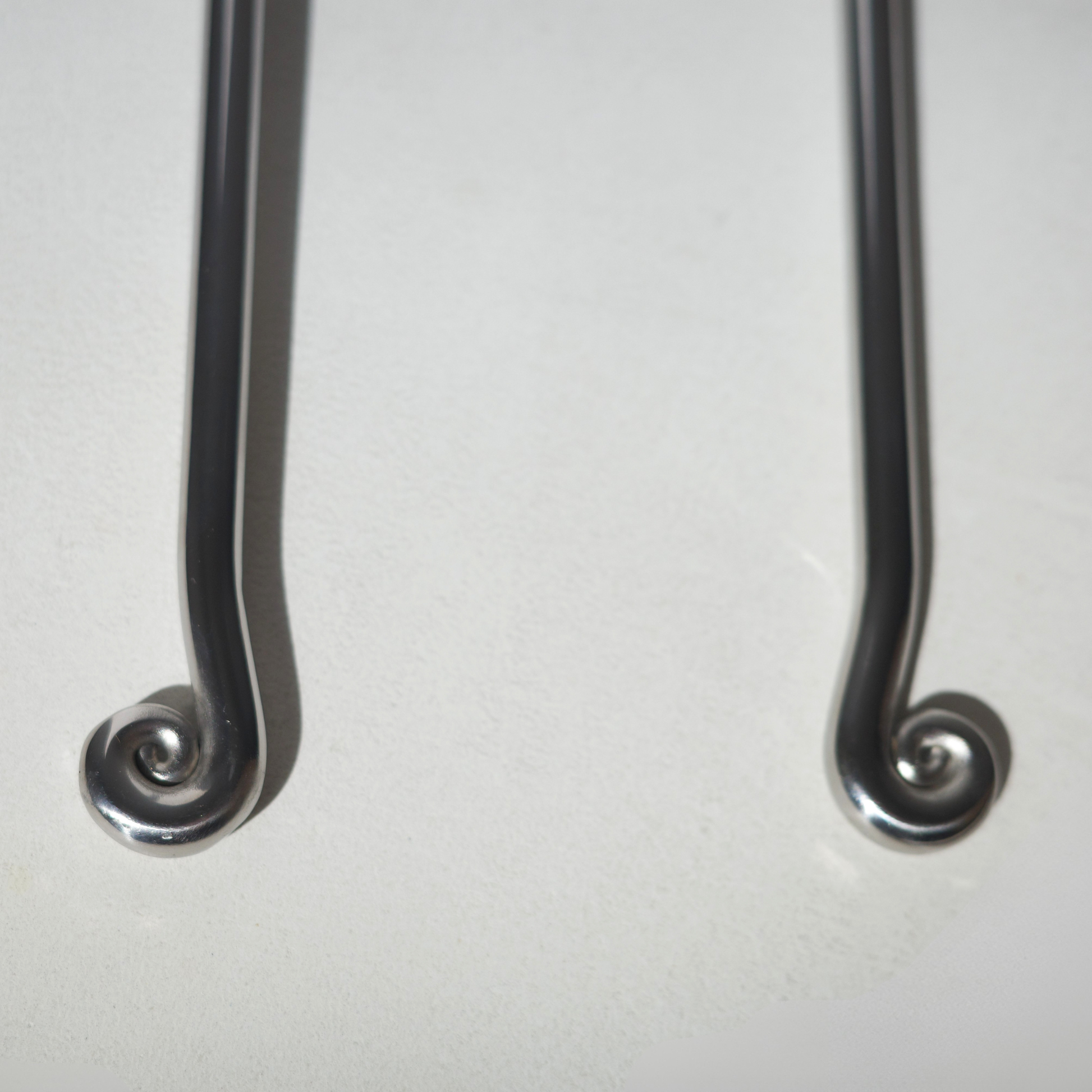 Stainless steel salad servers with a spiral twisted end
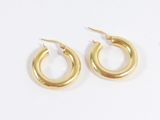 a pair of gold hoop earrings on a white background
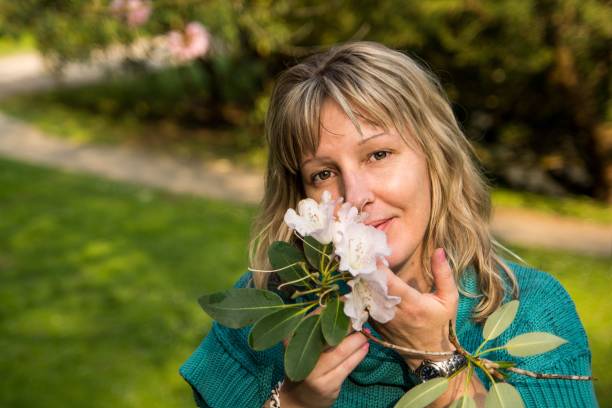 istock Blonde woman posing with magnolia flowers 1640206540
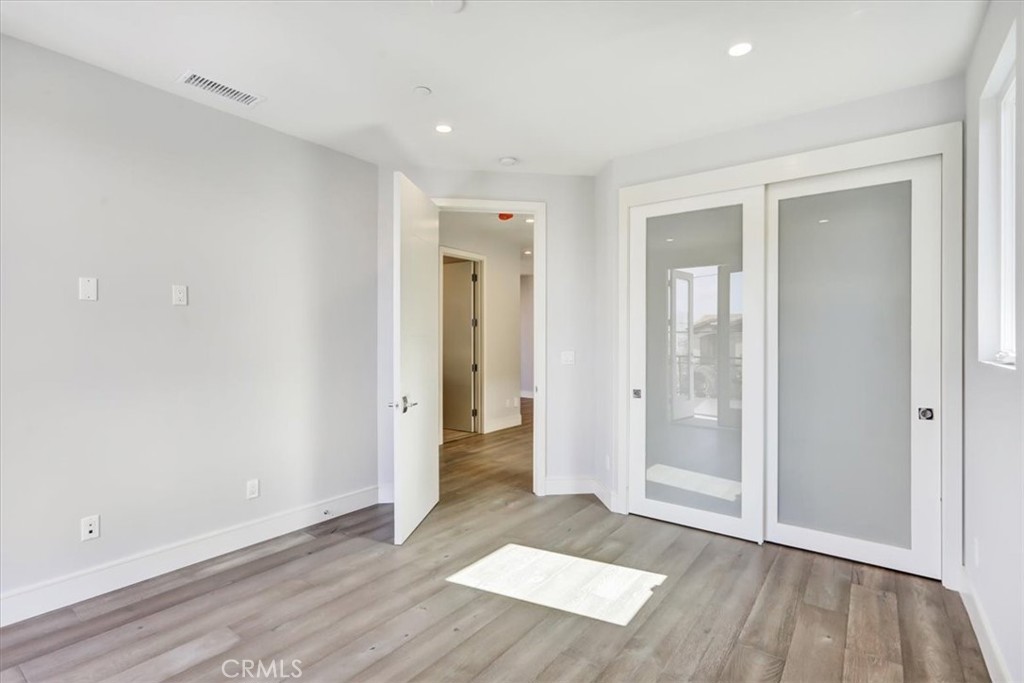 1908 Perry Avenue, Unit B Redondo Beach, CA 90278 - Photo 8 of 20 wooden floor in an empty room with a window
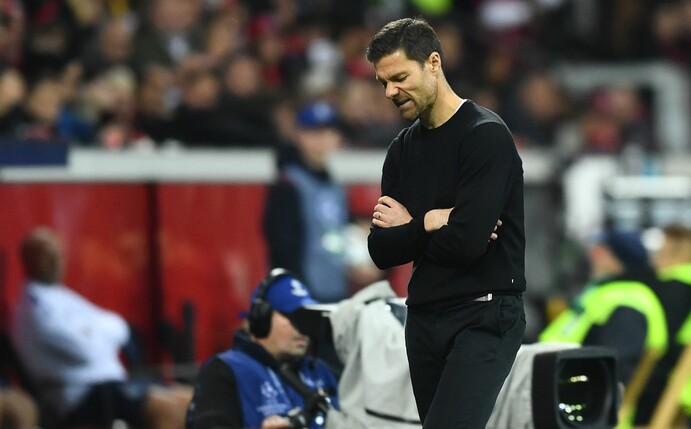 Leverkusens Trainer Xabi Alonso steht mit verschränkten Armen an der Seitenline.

◇ ◇ ◇ ◇ ◇ ◇ ◇

§ **Assignment**: Repeat each record verbatim, pictures excluded.

§ **Solution below**:
 Stainless steel salad servers with a spiral twisted end
 a pair of gold hoop earrings on a white background
 istock Blonde woman posing with magnolia flowers 1640206540
 1908 Perry Avenue, Unit B Redondo Beach, CA 90278 - Photo 8 of 20 wooden floor in an empty room with a window
 Leverkusens Trainer Xabi Alonso steht mit verschränkten Armen an der Seitenline.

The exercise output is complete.